8 thoughts on “6th year”

  1. Hi Nikolas!

    Is the Emergency Medicine practice in Norway done at “Akuttmottak” or “Anestesi”?

    1. To complete the specific learning requirements of the emergency medicine practice in Norway you have to go to the department of anaesthesia and intensive care. Doctors in the emergency room (“akuttmottak”) in Norway don’t really do “Emergency Medicine”, at least not yet and at least not in most places.

  2. Hi Nikolas,

    Can we choose either we do our Internal medicine exam in 1st department or 2nd department or is this random?

    1. When exam registration begins, you choose which department you sign up for. But the spots for 2nd department go fast, so you need to be quick to get a spot.

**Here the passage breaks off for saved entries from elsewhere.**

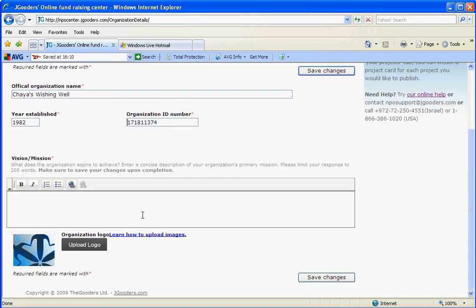Make sure that when you fill out your vision or mission statement, you try to keep it under 200 words so that it's concise and to the point.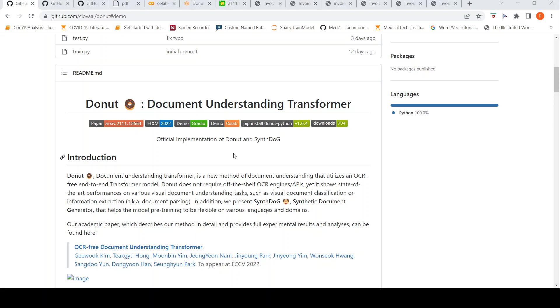This is Sritish Srinivasan and welcome to my channel. In this video, let's look at the demo of Donut OCR.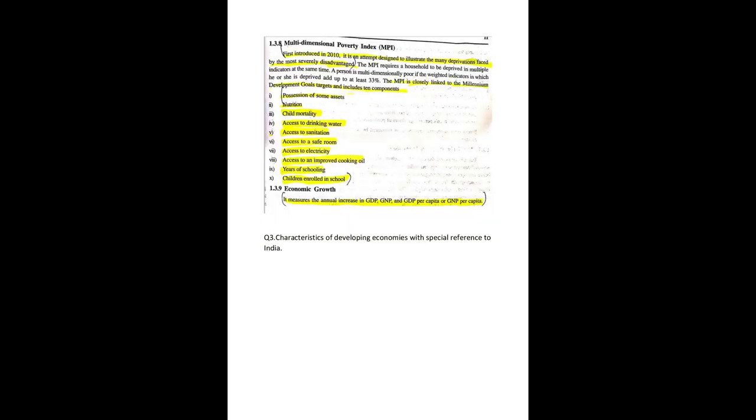You have to write everything in the notes. You have to maintain notes and you have to write in the notes without fail. Third question is characteristics of developing economy with special reference to India, which is a very important question.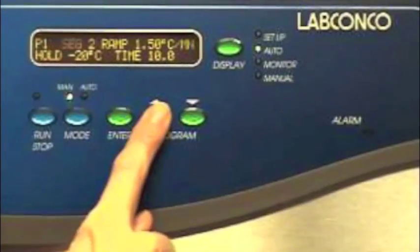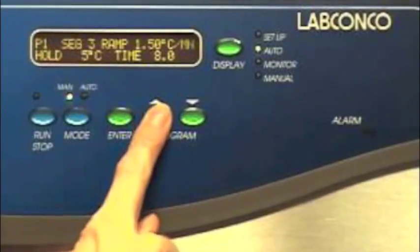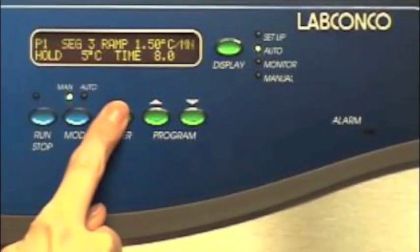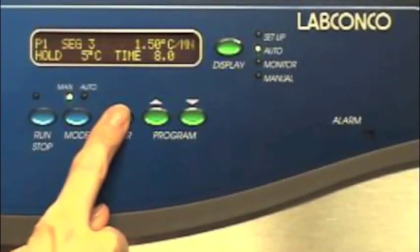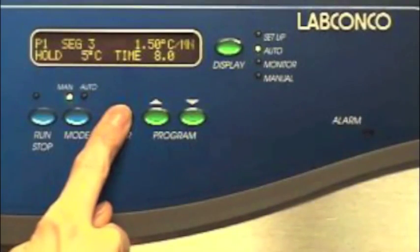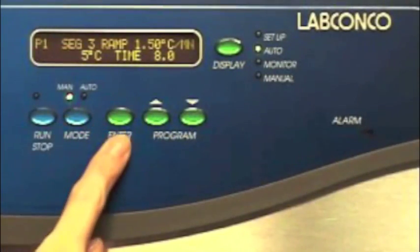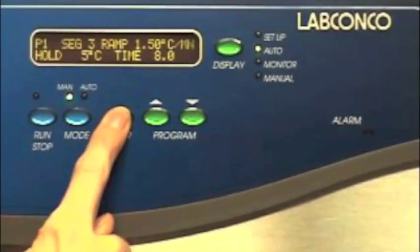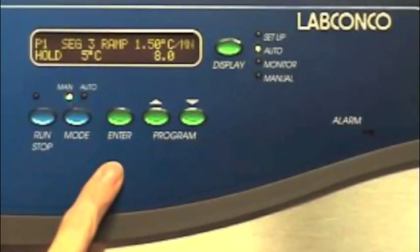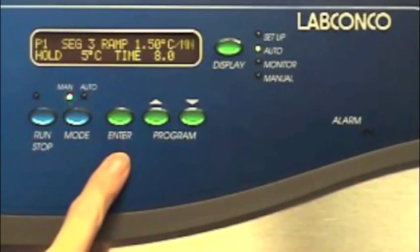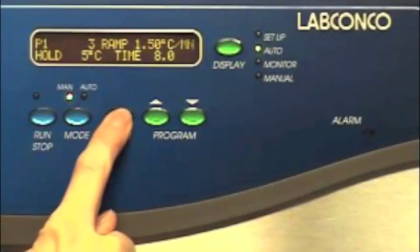Select segment 3. Enter and select 1.5 degrees centigrade per minute for ramp, plus 5 degrees centigrade for hold, and 8 hours for time. This completes segment 3.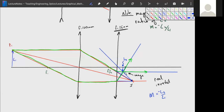That is the graphical method. Next we'll practice it a bit more, and then move on to equations that allow us to calculate the locations of image points as well as their heights.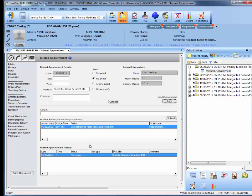And that would then send them the entire missed appointment template and notify them to call the patient to reschedule.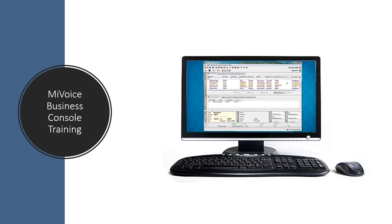We're going to look at each part of the screen so you'll understand the breakdown. We'll show you how calls roll in, where they show up, when you can transfer them, and how you can transfer them. We'll show you ways to look up internal extensions by last or first name. You can set up special groups so you can see departments or a group of people that you need to see. We'll give you the basic lay of the land and some of the rules of the console.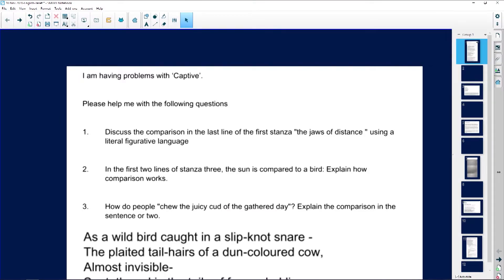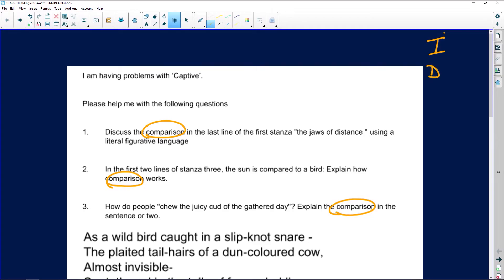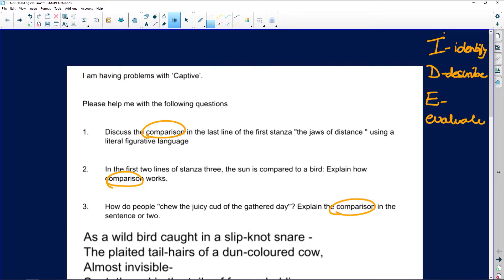Now I come to this student who says she's having problems with a poem and gives me three questions. What's interesting is she's trying to figure out how to study for other poems too. Look at the questions. The first thing I'm guessing is that you are having trouble identifying the comparisons. In our school we teach IDE: you start by Identifying it, then you Describe the comparison, and then you Evaluate — you discuss the comparison.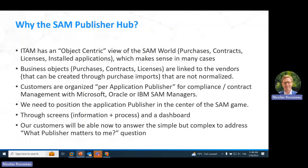It was hard to understand, for example, 'what about Microsoft?' — you may have purchases from Microsoft UK, Microsoft France, and Microsoft US. You may have a contract signed with a local entity. It was hard to get a vendor/publisher-centric view of everything. So we need to position the application publisher in the center of the SAM game. That's the goal of this new screen.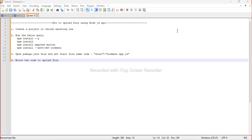Hello guys, so today we will see how to upload a file using the Node.js API or Node.js projects. We can use image files, Excel files, document files, and more. In another video we will talk about validation of files. In this video we will allow any type of file. So let's start.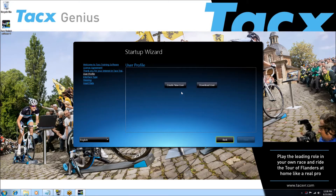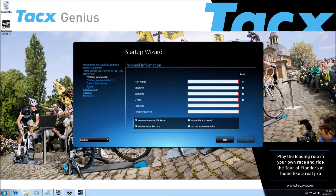Now create your user. The marked fields are mandatory. Also select the remember password and log me in automatically tickbox.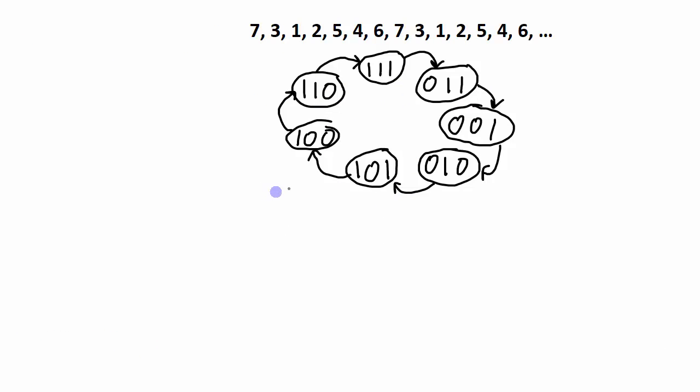To implement this state transition diagram in a digital circuit, each one of these bits - the most significant bit, the middle bit, and the least significant bit - need to be represented by a flip-flop. So because there's 3 bits, we will need 3 flip-flops.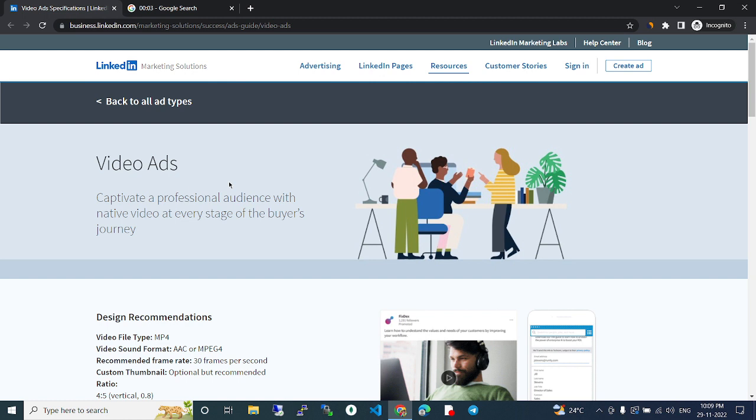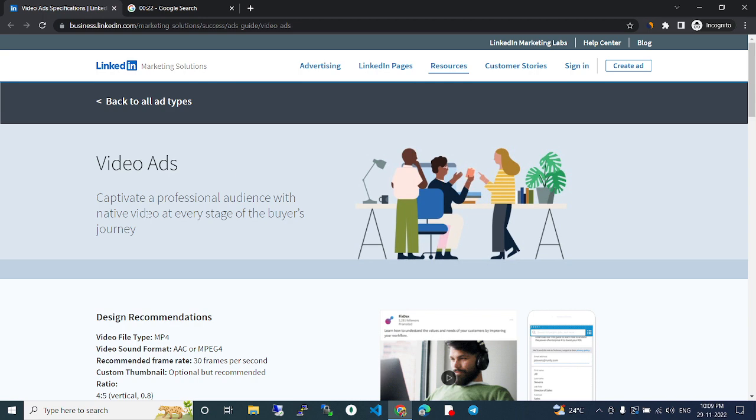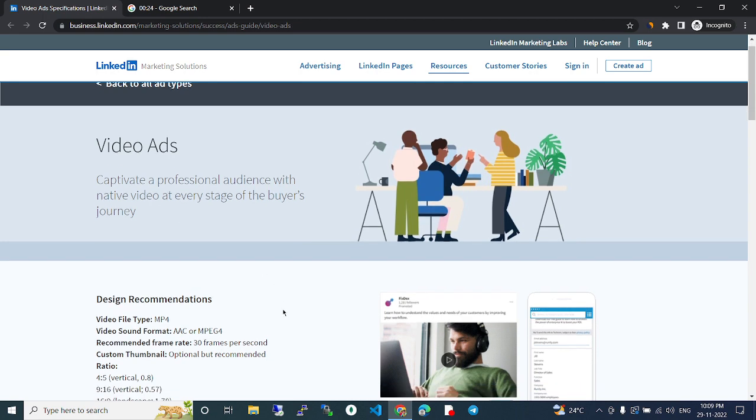LinkedIn Video Fix. LinkedIn Marketing Solutions Video Ads. Captivate a professional audience with native video at every stage of the buyer's journey. Design Recommendations. Video File Type.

  3. What about written state?

    Thank you for all your amazing efforts and contributions!!

  4. Thank you very much for this.
    I hope you know how much your website means to us. Whenever one walks through the floors on POTE, your website is opened on almost every notebook and people study your notes. Rarely one sees the lectures opened.
    Whenever you have a hard time you should remember this and even when you are specialized in your career and your notes are outdated, you will always have had a huge impact on the education of others and might be the reason one was sucessful at POTE and became a doctor in the end.
    Best of luck.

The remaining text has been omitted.